Winnie Verloc never ceases to be a mystery. Conrad first introduces her through her “unfathomable glance” (7) and closes the novel with ironic reiterations of the press’s attempt to frame her as an “impenetrable mystery” (242-246). Hers is an epistemologically mobile and methodologically contingent mystery: confronted with an epistemological blank, the novel’s characters either attempt to inscribe upon it (Verloc reads Winnie’s sorrow in relation to a presupposed domestic devotion; Heat reads Winnie’s ignorance as concealed knowledge [164]) or flee from it when inscription becomes impossible (Ossipon’s terrified abandonment). What anxiety Winnie induces arises from a reserve of energy always already in excess of her surroundings. As Verloc frantically complains, “There is no saying how much of what’s going on you have got hold of on the sly with your infernal don’t-care-a-damn way of looking nowhere in particular, and saying nothing at all” (204). Verloc surmises that Winnie has been storehousing information (and through it, power over him), but her very method (indifferent silence) renders such surmises impotent.
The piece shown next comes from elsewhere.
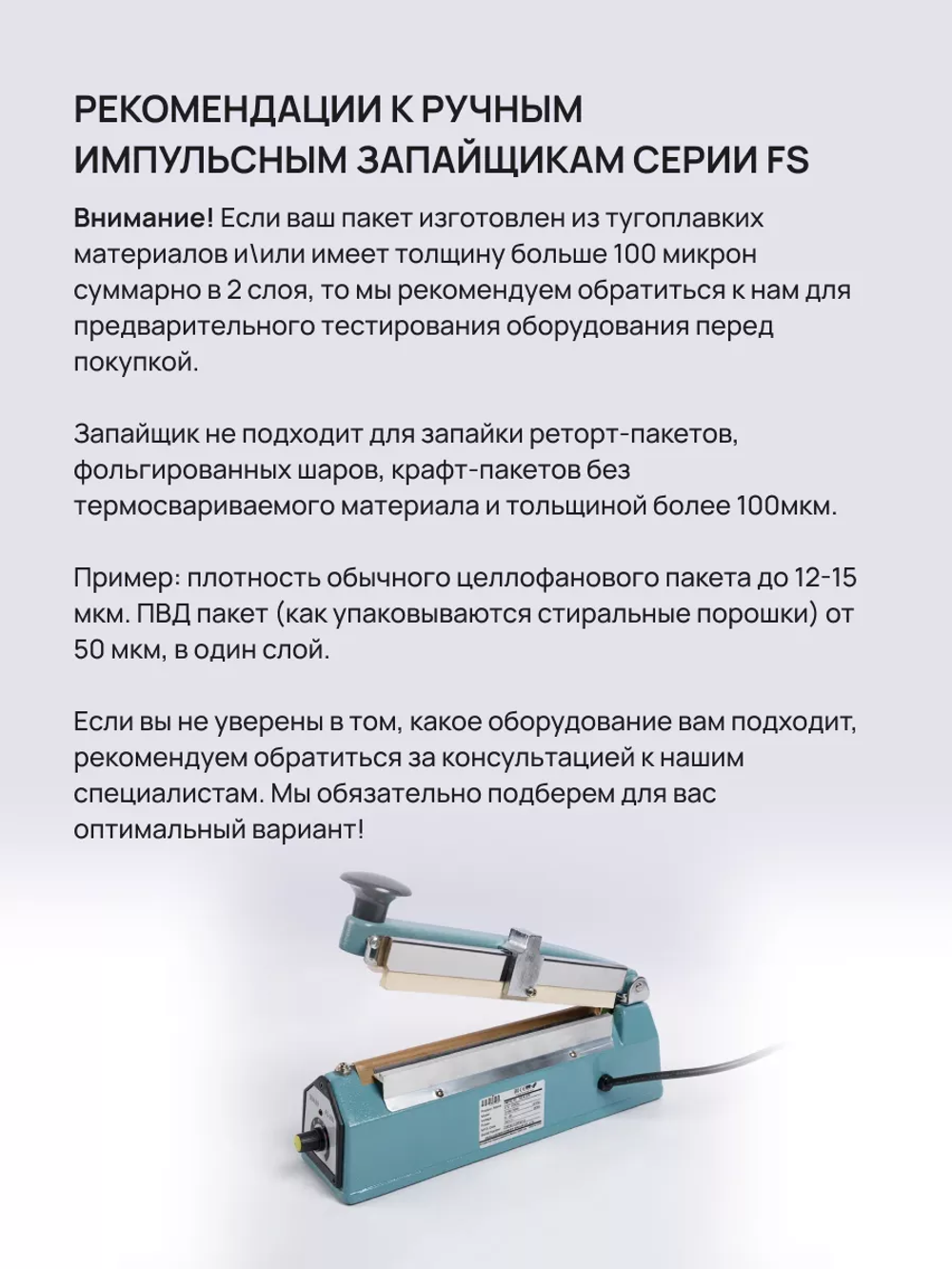 Ручной запайщик пакетов FS-300 (мет. корп.) Lite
While Bev Soane reads Winnie’s withdrawal as means of coping with her domestic monotony (4), I read such withdrawal as a more profound yet intentionless resistance to her imbrication within the novel’s dominant form of governmentality. Just to the other side of that horizon demarcating the knowable from the unknowable, the practicable from the impracticable within the novel, Winnie and her mystery stand in for what Foucault defines as “plebs, the permanent, ever silent target for apparatuses of power” (“Power and Strategies” 137). Plebs forms power relations’ limit, underside, and counterstroke precisely because of its location at the very threshold marking the application of power on the body. Accordingly, plebs responds to power “by a movement of disengagement” possible through “an inverse energy” (138).
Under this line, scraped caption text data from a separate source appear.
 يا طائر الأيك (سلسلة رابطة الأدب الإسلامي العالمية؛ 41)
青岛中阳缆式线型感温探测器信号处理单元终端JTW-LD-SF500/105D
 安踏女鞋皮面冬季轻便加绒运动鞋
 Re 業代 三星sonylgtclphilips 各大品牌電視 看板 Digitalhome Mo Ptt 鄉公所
In a novel otherwise dominated by forms of dissipation, Winnie Verloc’s “vigor of vitality” (244) represents just such an “inverse energy,” which is evident in Verloc’s terminal confrontation with Winnie’s vitality. Emerging from the other side of her condensed, energetic, and kairotic memories, Winnie undergoes a flash of self-generation and unaccountable growth – “And incredible as it may appear, the eyes of Mrs. Verloc seemed to grow larger still” (206) – that increasingly gathers force until it explodes with “the simple ferocity of the age of caverns, and the unbalanced nervous fury of the age of bar-rooms” (208). While “anybody could have noted the subtle change on [Winnie’s] features” (206), the energetic transformation underlying such a change falls outside the scope and capacity of Verloc, who “observed nothing” (207). Verloc’s fatal blindness results from his paradigmatic embeddedness within a governmentality predicated on entropy. More so in this scene than anywhere else in his lethargic existence, Mr. Verloc embodies the novel’s pervasive entropy. Pushed by the strain of the day’s actions, Verloc finds the “last particle of his nervous force had been expended” (205). Distended and supine, Verloc “observed nothing” of Winnie’s self-transformation because “he was reposing in that pathetic condition of optimism induced by excess of fatigue” (207). Lacking energy himself, Verloc can neither see nor account for Winnie’s radical form of energy, her ferocity and fury, because from the perspective of entropy and degeneration, self-generating energy is, in this case, invisible.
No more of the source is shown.